(Collected data)
┄┄┄┄┄┄
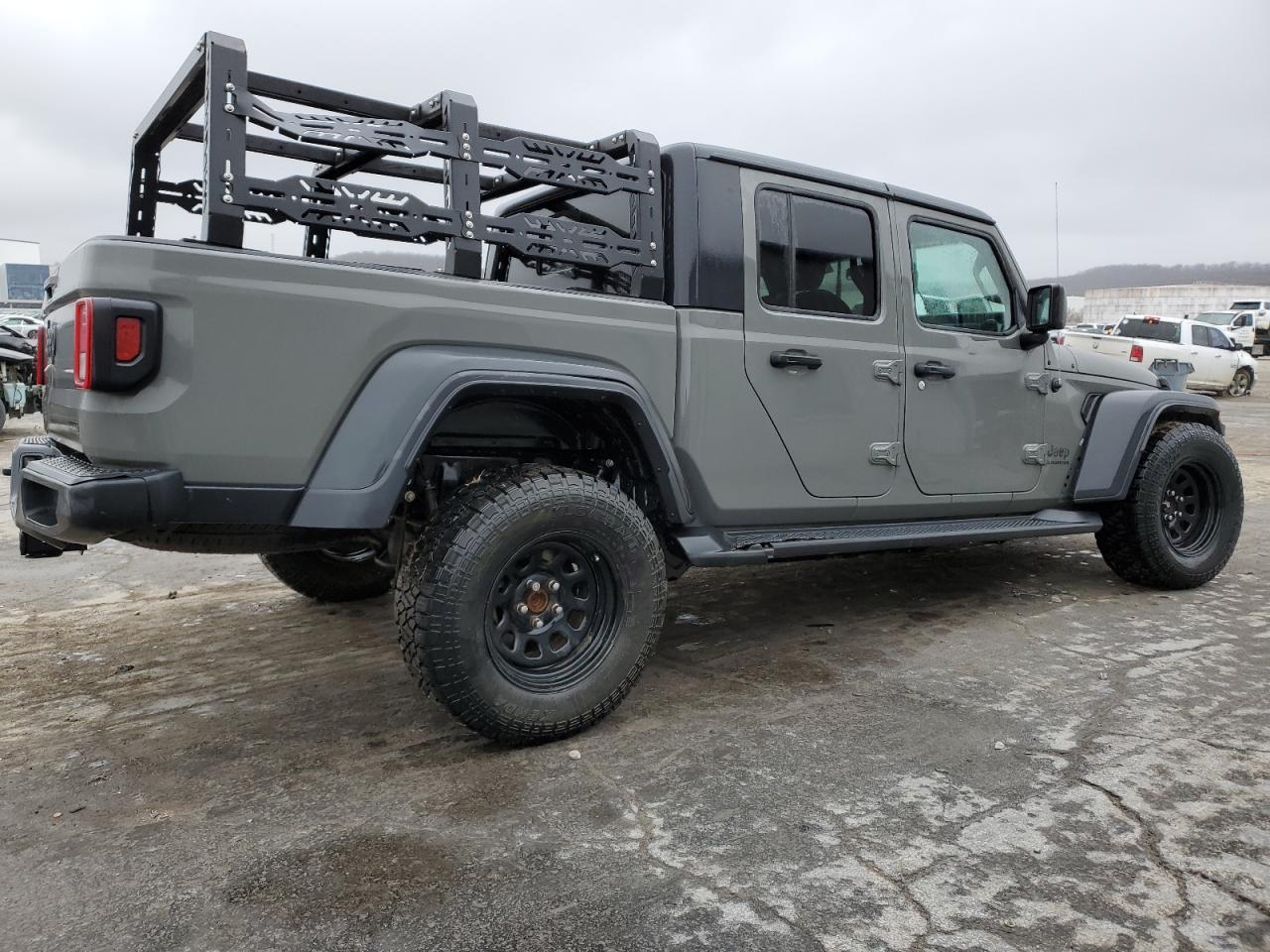 2020 JEEP GLADIATOR - Image 3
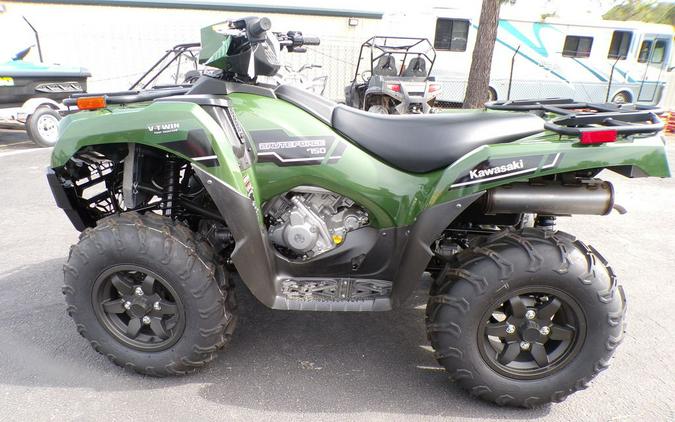 2024 Kawasaki Brute Force® 750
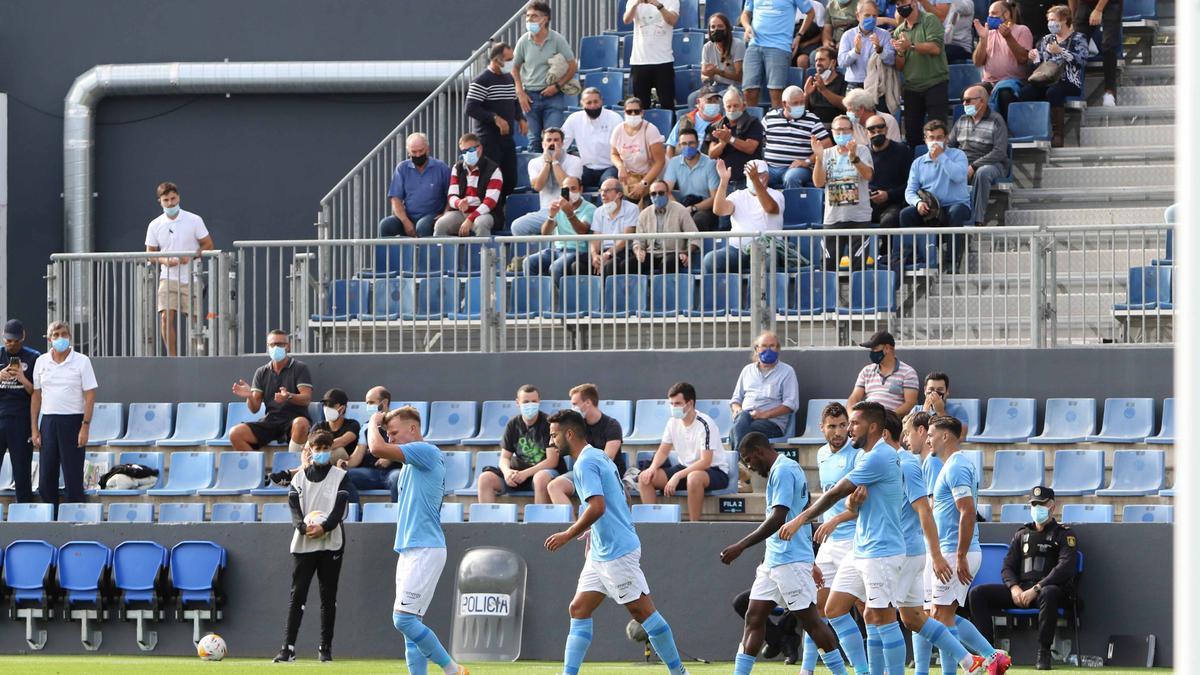 Todas las fotos del partido UD Ibiza - Fuenlabrada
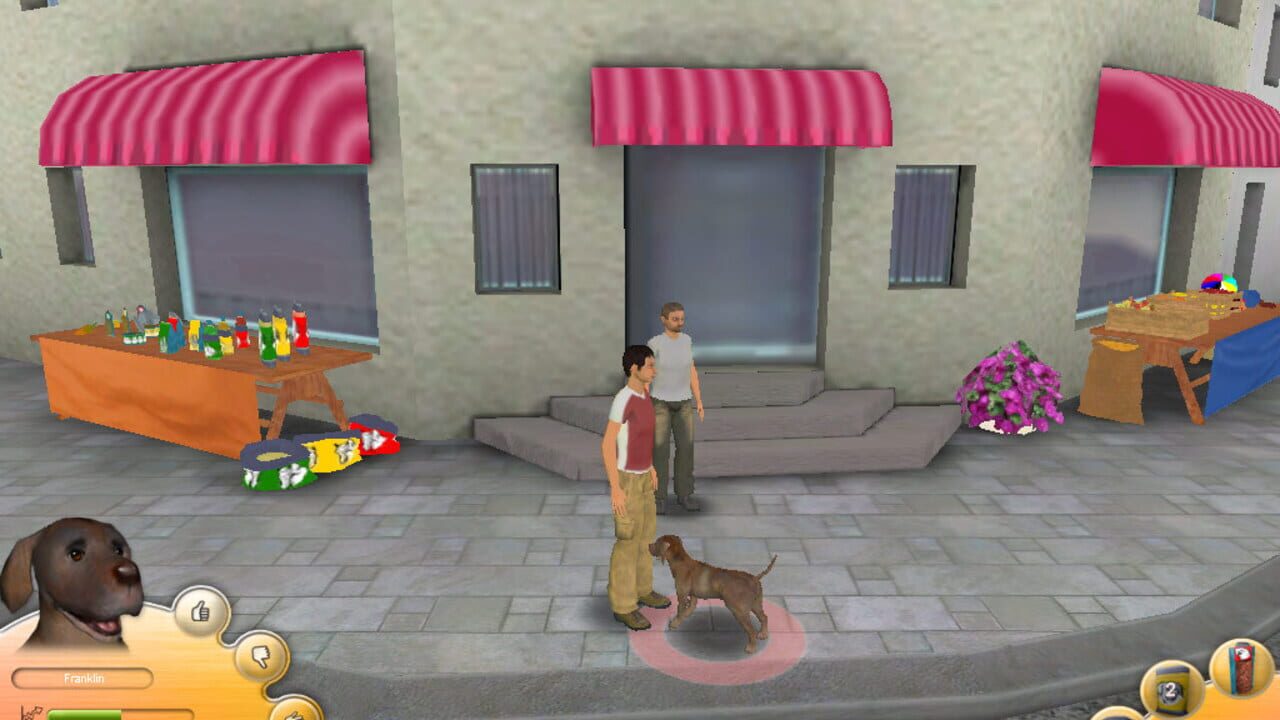 Paws & Claws: Pet School Image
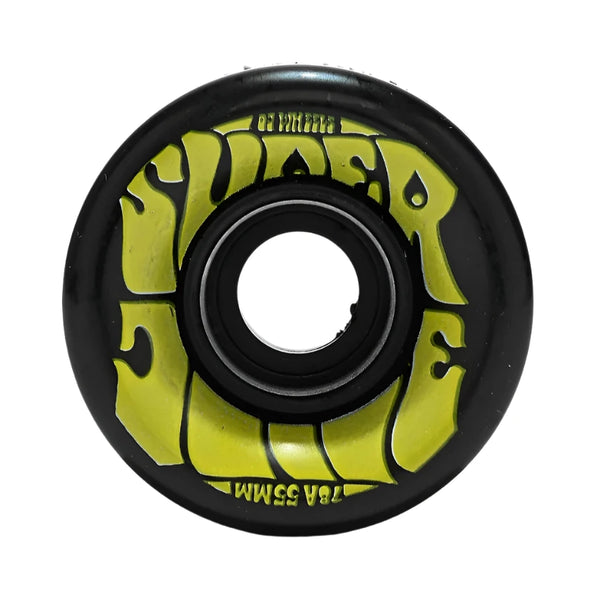 OJ - Mini Super Juice Black 78a Wheels (55mm)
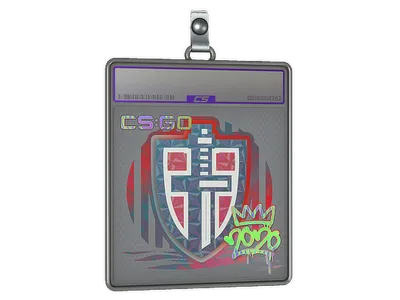 Sticker Slab | ESPADA (Holo) | 2020 RMR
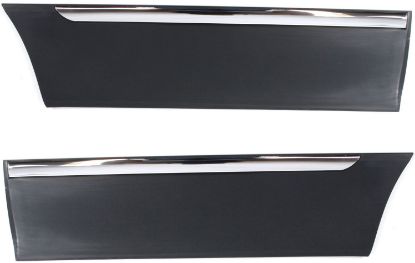 Picture of Door Molding and Beltlines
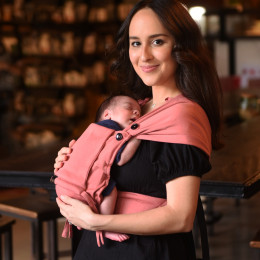 Neko Tiny - Aragon - baby carrier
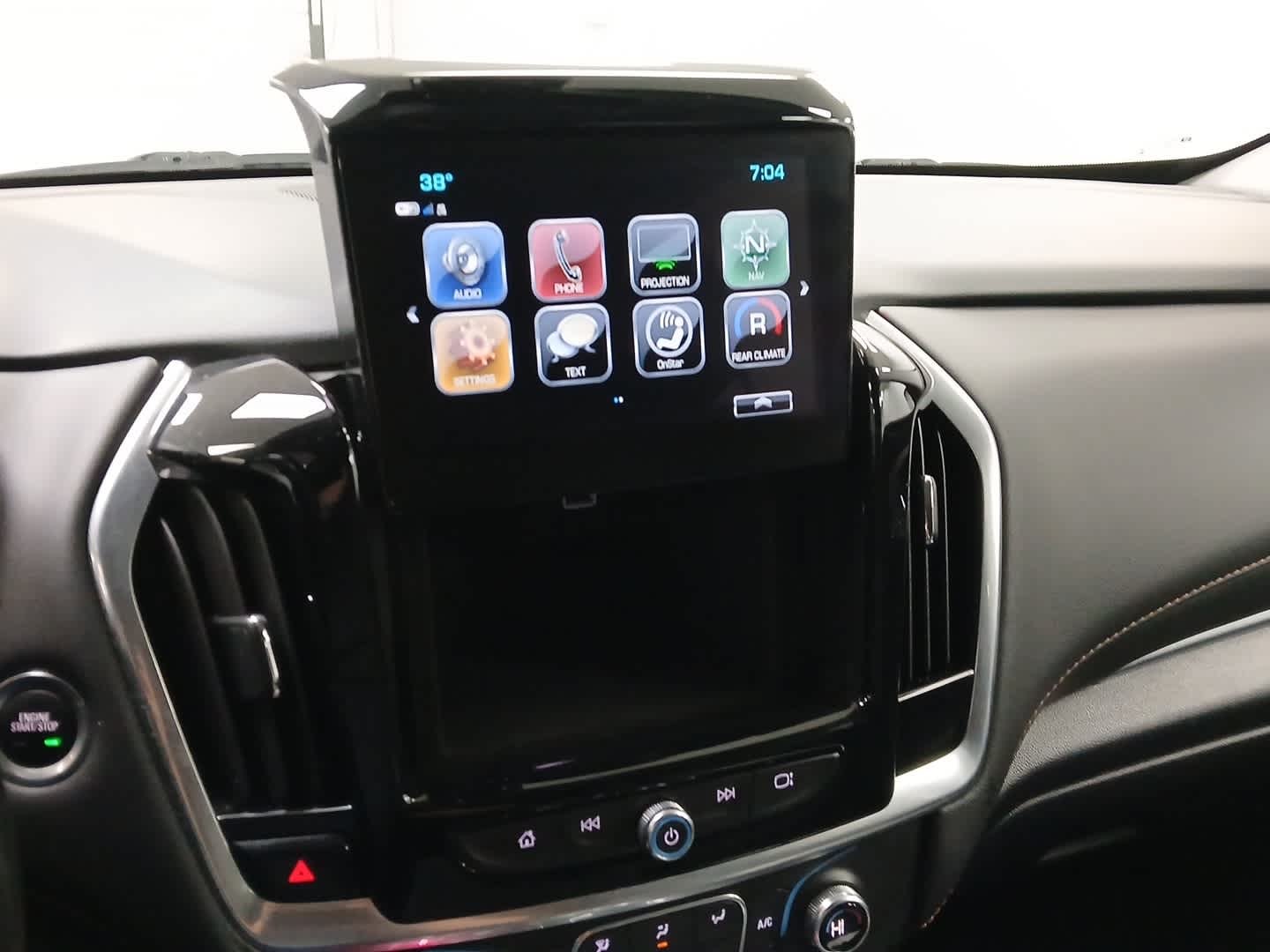 2019 Chevrolet Traverse RS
┄┄┄┄┄┄
▸ Task statement
Only the pictures are to be omitted; the records above must otherwise be reproduced exactly.

▸ Solution
 2020 JEEP GLADIATOR - Image 3
 2024 Kawasaki Brute Force® 750
 Todas las fotos del partido UD Ibiza - Fuenlabrada
 Paws & Claws: Pet School Image
 OJ - Mini Super Juice Black 78a Wheels (55mm)
 Sticker Slab | ESPADA (Holo) | 2020 RMR
 Picture of Door Molding and Beltlines
 Neko Tiny - Aragon - baby carrier
 2019 Chevrolet Traverse RS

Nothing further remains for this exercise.